* _Problem_
Every line from the one with "南沙區(qū)公司注冊代辦-地址租賃-南沙財稅代理" up to and including the one with "مكلف بالنشر هذا رقم صاحبها" is to be output exactly as it appears below; pictures are not.

[Brief descriptive captions]
-.-.-

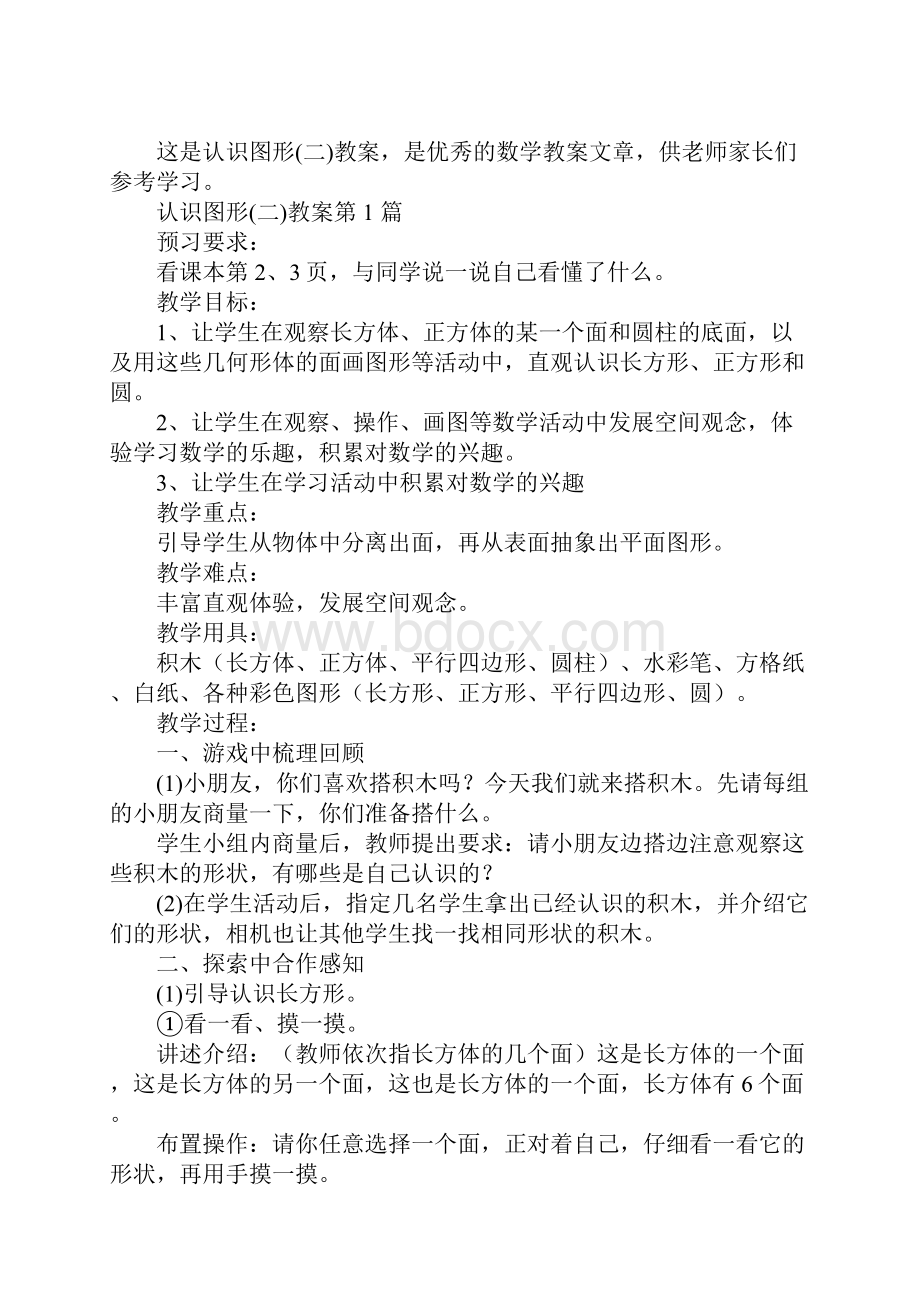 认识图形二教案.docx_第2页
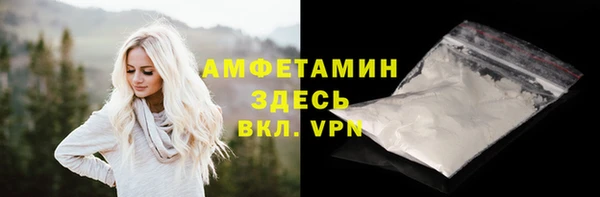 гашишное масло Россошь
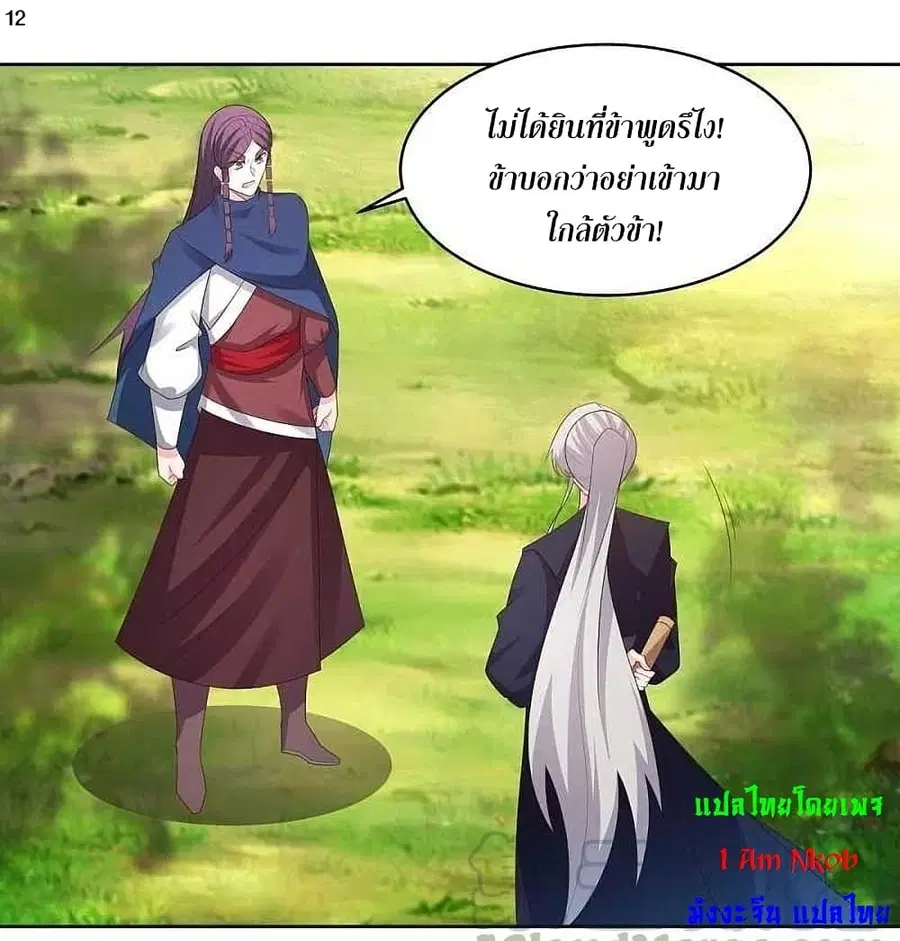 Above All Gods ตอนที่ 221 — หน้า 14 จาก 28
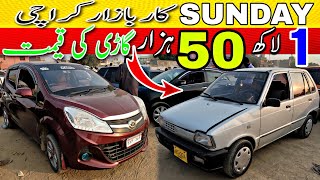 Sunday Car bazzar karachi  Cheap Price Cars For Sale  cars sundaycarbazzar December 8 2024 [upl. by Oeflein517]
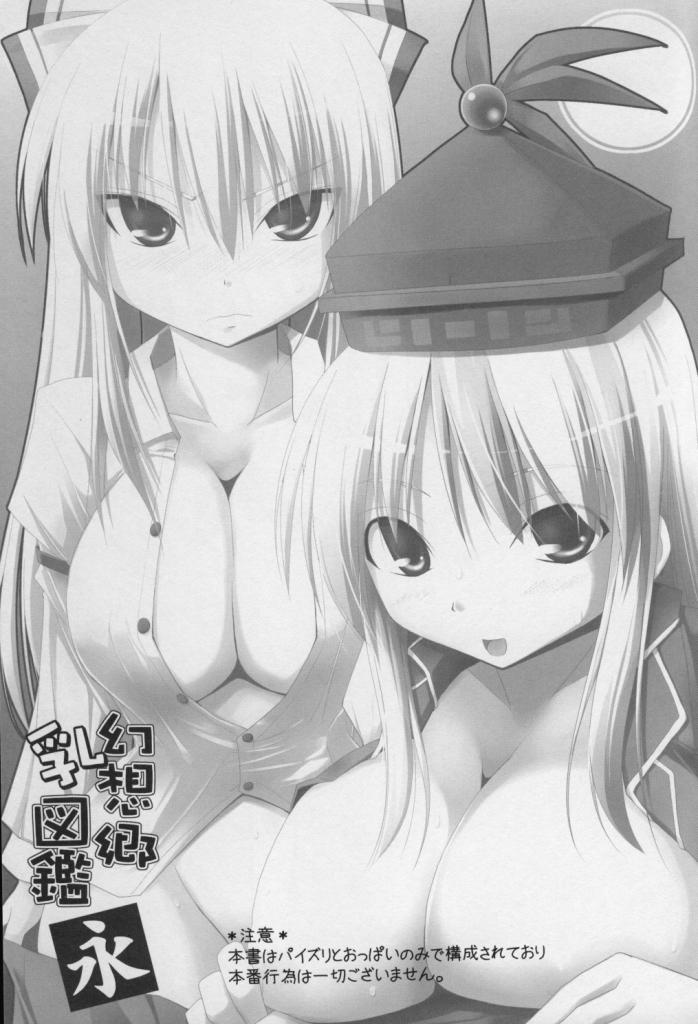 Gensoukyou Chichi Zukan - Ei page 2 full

-.-.-

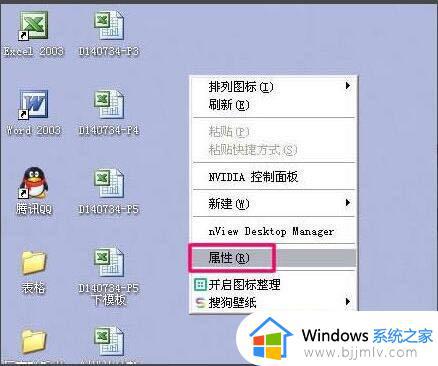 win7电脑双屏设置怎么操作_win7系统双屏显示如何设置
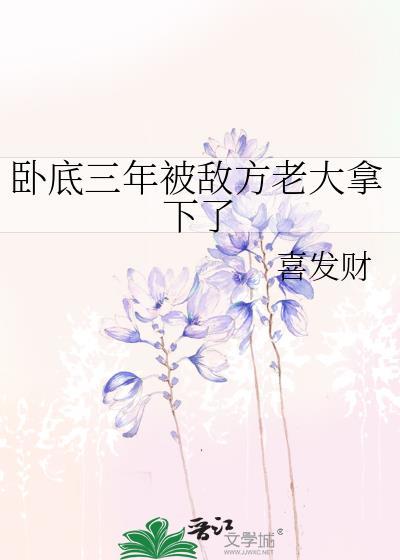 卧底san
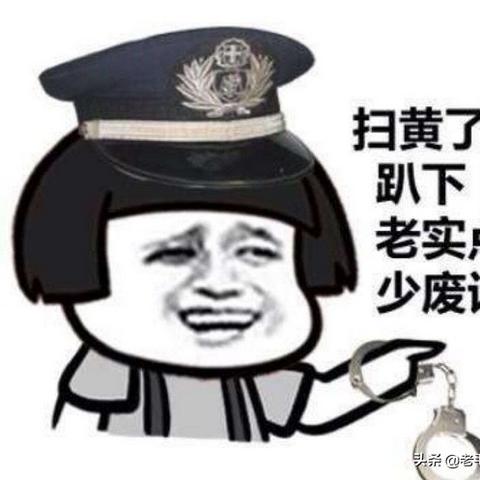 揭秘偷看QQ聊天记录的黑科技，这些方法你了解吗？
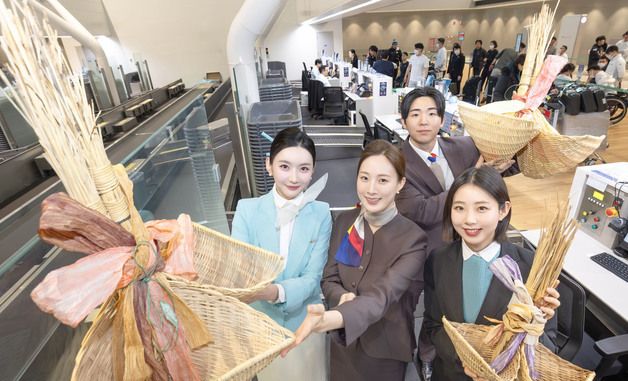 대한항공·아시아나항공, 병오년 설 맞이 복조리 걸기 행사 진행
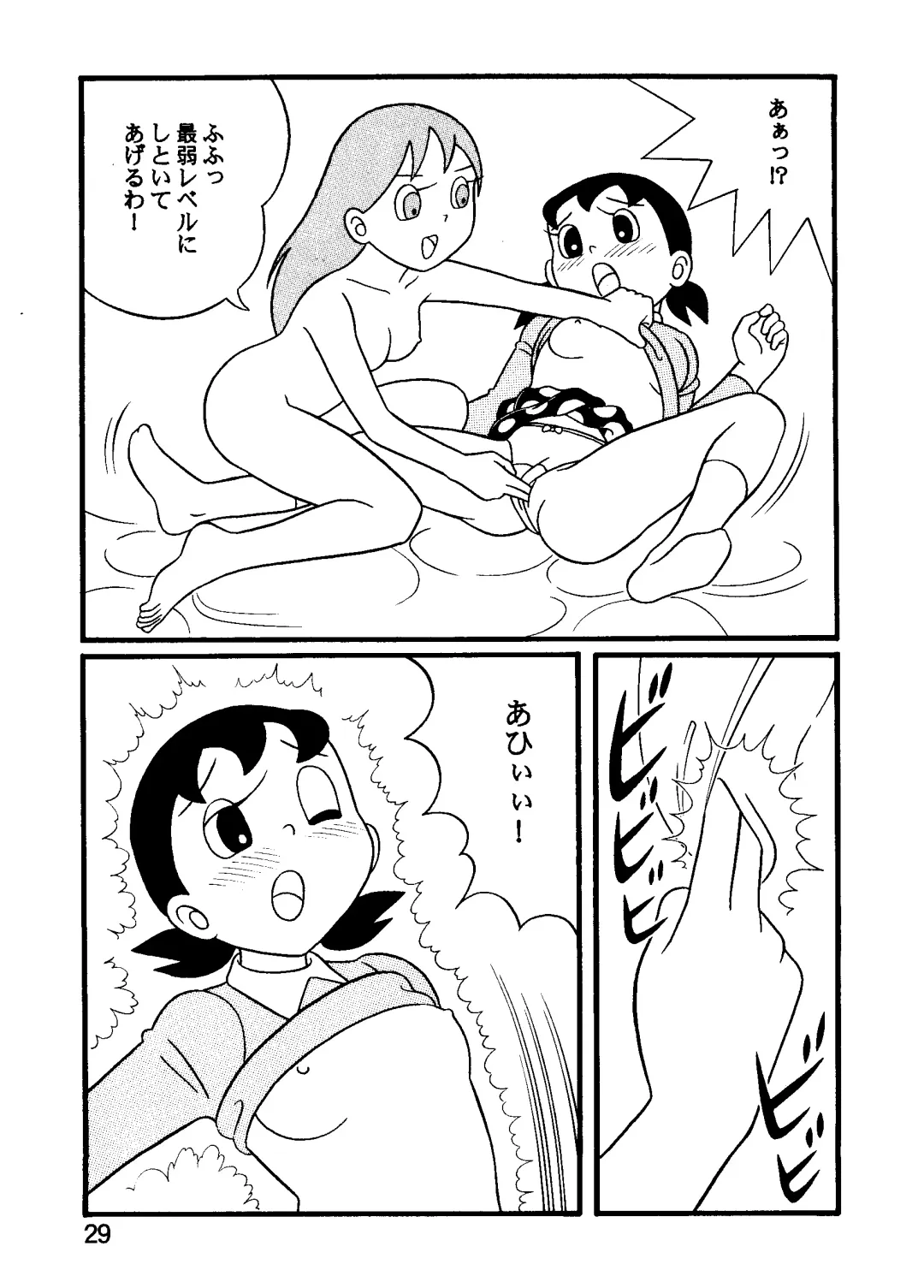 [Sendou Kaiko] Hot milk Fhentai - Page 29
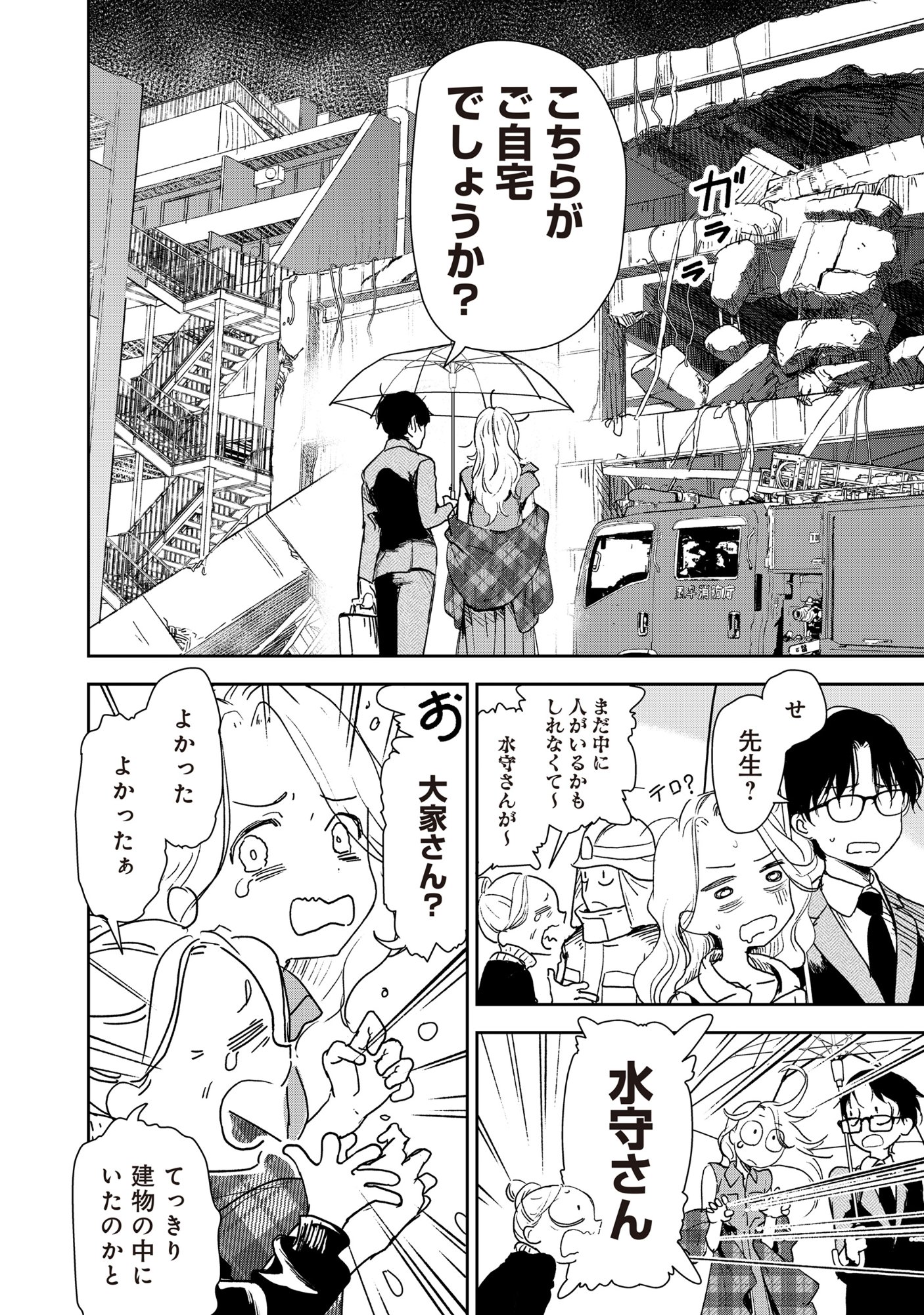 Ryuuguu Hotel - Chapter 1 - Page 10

-.-.-

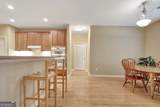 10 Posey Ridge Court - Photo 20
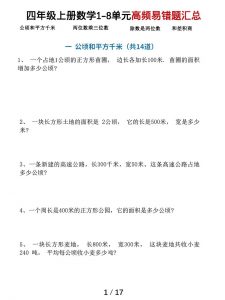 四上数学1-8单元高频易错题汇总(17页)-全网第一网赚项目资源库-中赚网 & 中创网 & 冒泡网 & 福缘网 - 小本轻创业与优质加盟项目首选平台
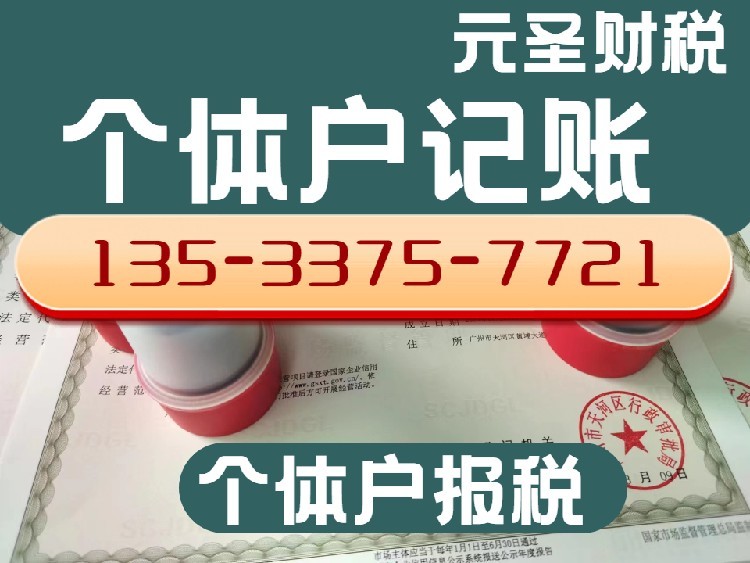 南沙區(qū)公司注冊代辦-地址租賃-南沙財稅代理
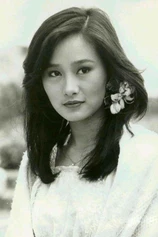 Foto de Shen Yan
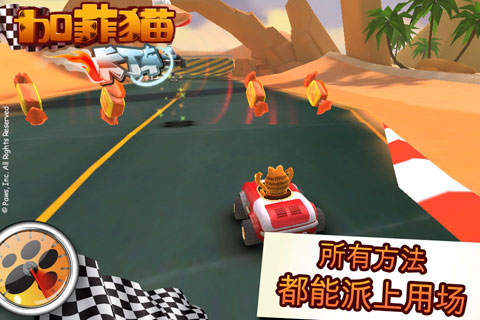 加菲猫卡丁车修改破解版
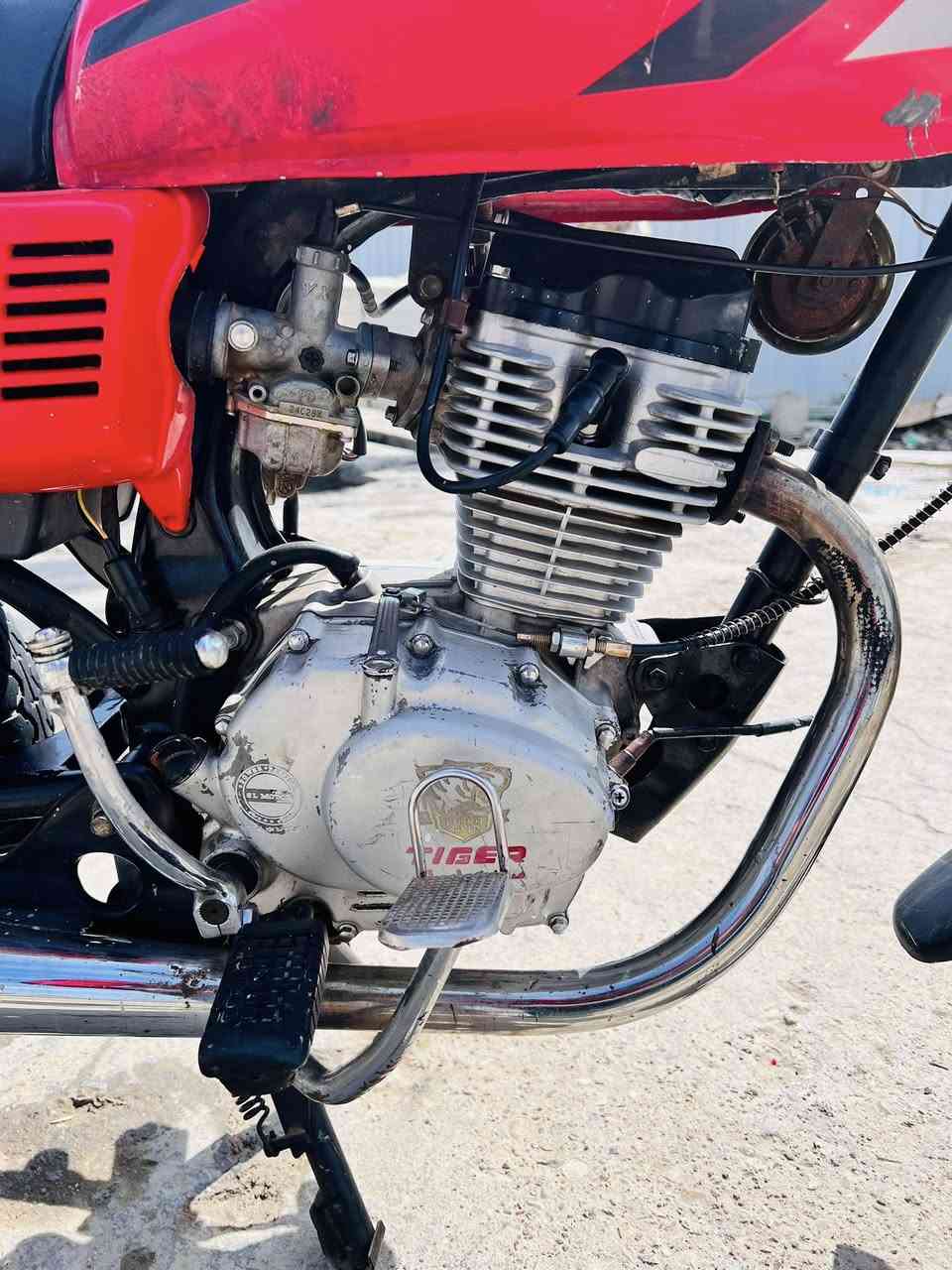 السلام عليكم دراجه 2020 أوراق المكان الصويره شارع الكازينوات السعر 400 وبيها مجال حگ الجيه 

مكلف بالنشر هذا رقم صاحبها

-.-.-

* _Task response_
 南沙區(qū)公司注冊代辦-地址租賃-南沙財稅代理
 Foto de Shen Yan
 加菲猫卡丁车修改破解版
 السلام عليكم دراجه 2020 أوراق المكان الصويره شارع الكازينوات السعر 400 وبيها مجال حگ الجيه 

مكلف بالنشر هذا رقم صاحبها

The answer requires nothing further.